Most Fortune 500 companies want to adopt generative AI within the next two years, says Lakera CEO David Haber. They typically use pre-made models, such as those used in OpenAI's ChatGPT. They then build applications on top of the models, such as customer service chatbots or research assistants, connecting them to sensitive company data and integrating them into business-critical functions. So safety and security must be a top priority.

“Existing security teams are faced with a whole new challenge of securing these Gen AI applications,” Haber said. “We're processing everything that goes in and everything that comes out, and ultimately making sure these high-performance Gen AI applications don't do things they weren't intended to do.” He added that Lakera's platform isn't an off-the-shelf option, but is built on the company's own internal AI models. “You can't use ChatGPT to secure ChatGPT. That's a terrible idea.”
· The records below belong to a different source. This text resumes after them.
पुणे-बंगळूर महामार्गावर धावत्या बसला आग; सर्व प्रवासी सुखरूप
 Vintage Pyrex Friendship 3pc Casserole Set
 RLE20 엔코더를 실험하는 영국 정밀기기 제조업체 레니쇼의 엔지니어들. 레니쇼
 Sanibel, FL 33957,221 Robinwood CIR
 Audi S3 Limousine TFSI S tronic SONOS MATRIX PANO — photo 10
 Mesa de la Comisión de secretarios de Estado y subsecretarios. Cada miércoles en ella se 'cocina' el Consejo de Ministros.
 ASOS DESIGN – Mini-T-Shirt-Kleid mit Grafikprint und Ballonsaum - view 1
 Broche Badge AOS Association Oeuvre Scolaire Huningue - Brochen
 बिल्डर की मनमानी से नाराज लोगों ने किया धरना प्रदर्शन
But most importantly, Haber emphasized, customers can specify the context of what their Gen AI applications can and can't do, and assess possible security issues in real time. Customers can also implement specific policies about what the chatbot can say, he said. For example, a company might not want to talk about competitors or expose financial data.

Haber said Lakera has a unique strength in tracking AI threats: its online AI security game, Gandalf, which has millions of users around the world, including at Microsoft (which uses it for security training). As users test their on-the-fly injection skills in Gandalf's AI “jailbreak” game, the tool generates a real-time database of AI threats. The company said that this database grows with “tens of thousands of unique new attacks every day,” helping Lakera's software stay up to date.

Lakera is playing in the crowded Gen AI security space alongside other startups like HackerOne and BugCrowd. But Matt Carbonara of Citi Ventures said the Lakera team “has the background to build and evolve this product that the market needs,” adding that he appreciated the company's focus on rapid injection attacks.

“As new attack surfaces emerge, new countermeasures are needed,” he said. “Rapid injection attack approaches are the first area people are looking at.”